You should consider whether you understand how CFDs work and whether you can afford to take the high risk of losing your money.

The impact of a mildly dovish speech from Fed chair Powell at Jackson Hole

Markets have largely spent the past week in consolidation as traders have looked to keep their powder dry ahead of Fed chair Jerome Powell’s speech at the Jackson Hole Economic Symposium. The minutes of the FOMC meeting for July focused on the term “mid-cycle adjustment” which disappointed the doves. It suggested that Powell’s use of the term “mid-cycle adjustment” in last months press conference was a calculated move. But given that President Trump recently cranked up the trade dispute with further tariffs on China and with the global economic slowdown taking hold (especially in manufacturing) Powell seems to have paid due care with this in mind. We look at the implications of what Powell has said and the market impact.

Key takeaways from Powell’s speech

Powell’s speech seems to have been all rather boring in honest. There has been little real sign of intent.
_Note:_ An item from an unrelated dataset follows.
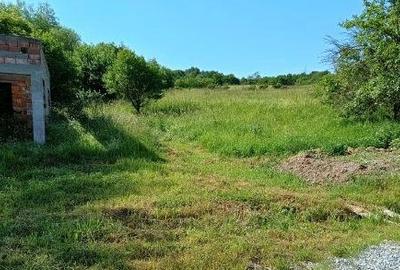 Teren agricol extravilan de 8008 mp, în Hășdat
Perhaps given the array of speeches by various Fed members in recent days, Powell sits between a rock and a hard place. It is a speech which seems to have changed little, and is as much about what he did not say as what he did.

  • The Fed will “react as appropriate to sustain the expansion” (this is fairly standard in rhetoric)
  • The US economy has remained favourable, but the global outlook has deteriorated since the middle of the year.
  • Trade policy uncertainty has played a role in the global slowdown, weak manufacturing and capital spending.
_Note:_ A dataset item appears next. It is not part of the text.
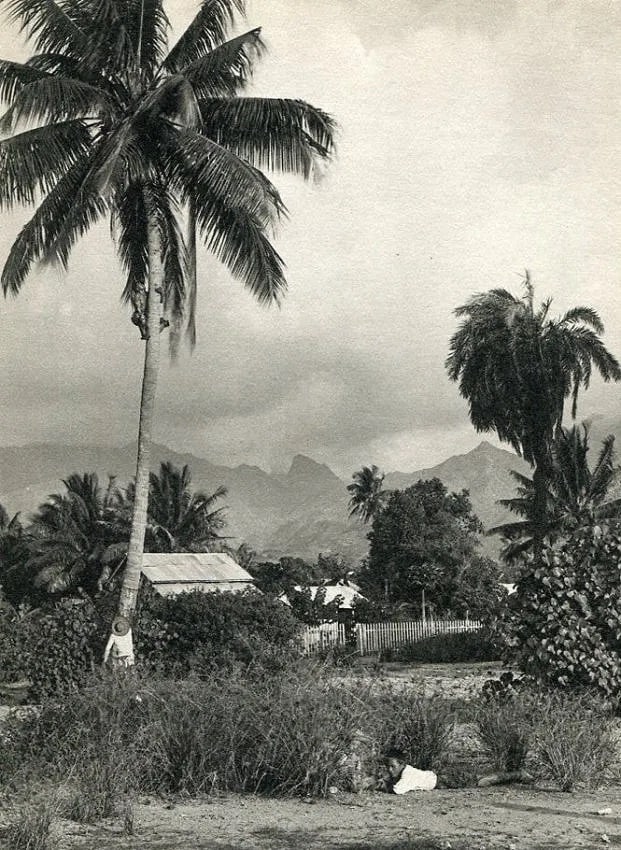 Lucien Gauthier Print: Lucien Gauthier Print. Papeete Fare Tahiti Ute. Printed in 1933. 4.50 x 6.00 inches Not hand-signed unless otherwise stated. Photomechanical Print. Lots that contain nudity have been partially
There was also a part of the speech dedicated to the global risks and the need for the Fed to react.

However it was also interesting in what he also did NOT say:

  • The key point is that there was no mention of the term “mid-cycle adjustment” (lean dovish)
  • However, there was also no discussion of the yield curve inversion (not as dovish as could have been)

 

What does it mean for monetary policy?

Before today’s speech, FOMC members Esther George and Patrick Harker made comments to show their opposition to further rate cuts at this stage. Certainly this helped to pull yields higher but also flatten the yield curve, but even before Powell’s speech we got a sense of what a bind the Fed is now in. Fed speakers giving contrasting signals all over the place. This time it was James Bullard (who is admittedly very dovish) suggesting a “robust debate” regarding a -50 basis point cut. Bullard also referred to the 1998 insurances cuts where there were three 25 basis point cuts which would be a good model. Treasury yields subsequently dropped sharply.
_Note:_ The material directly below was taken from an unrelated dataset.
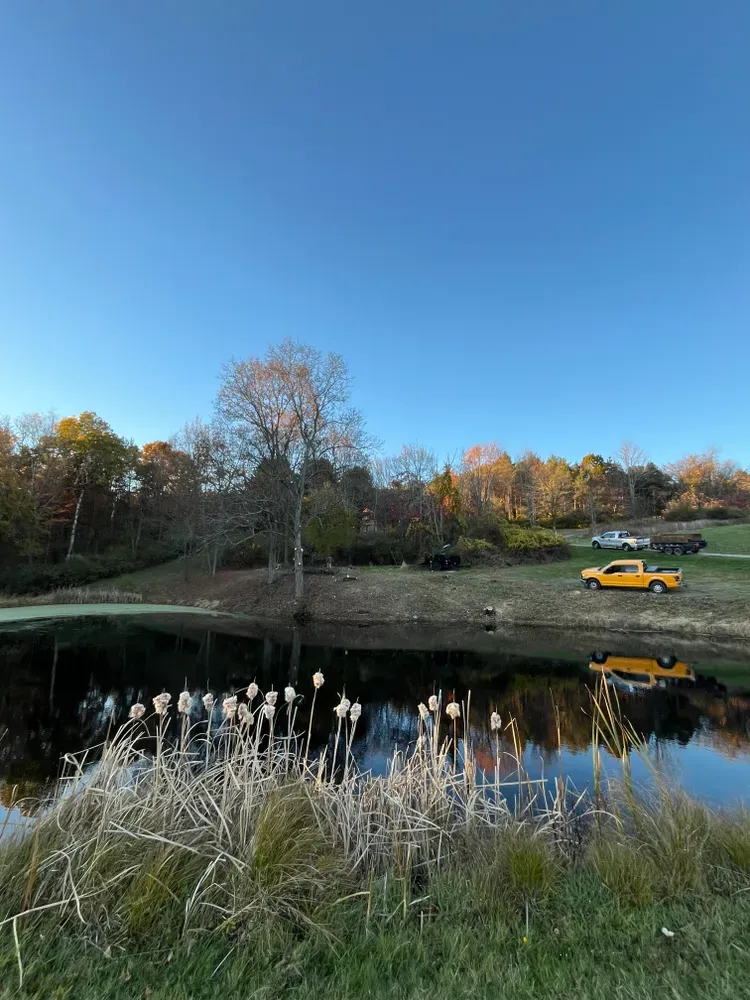 All Photos for Licensed to Cut Tree Service in Athens, PA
Fed Funds Futures have been gradually pricing out the prospect of a -50bps rate cut in September. However, a -25bps cut for September still is still largely priced in. This has not changed,overly but has swung back in favour of further rate cuts.

Prior to the speech Fed Funds futures were saying 95% probability of a September cut with a 5% chance of no move. This has now swung to pricing for a guaranteed -25bps cut but also a 5% chance of a -50bps cut.

The markets are taking this speech as a mild dovish lean, especially given that Powell focused on the risks of the global slowdown impacting on the US economy. If Powell wanted to guide the market away from the current pricing of two further cuts by the end of the year, then he passed up the opportunity. More rate cuts appear to be on the way.

 

How have markets responded?

US Treasury yields have fallen back by a couple of basis points on the dovish lean (with little change to the yield curve shape). In forex, the dollar has slipped back slightly. However, the big mover though is gold. Mild dollar weakness but coupled with big focus on the concerns of the global risks has hit sentiment and proved bullish for gold. Equities have been supported by the mild dovish lean.

  • US 2 year Treasury yield – around 2 basis points lower
  • US 10 year Treasury yield – around 2 basis points lower

  • EUR/USD – has picked up around 10 pips, but is still under the $1.1100 resistance
  • GBPUSD – has heled above $1.2200 breakout support and is looking to test for a close above $1.2250 which would be a bullish move.
  • USD/JPY – Once more the 106.75 resistance holds.
  • Gold – the market picked up around $8 from Bullard’s speech and then since Powell another $10 higher. This has pulled it back above the near term pivot at $1510 in the range $1481/$1534 and suggests that a close above renews a bullish bias again.
  • S&P 500 – around 5 ticks higher. There is no real change to the mini range 2900/2940 but increases the potential for an upside break which would be a key near to medium term move.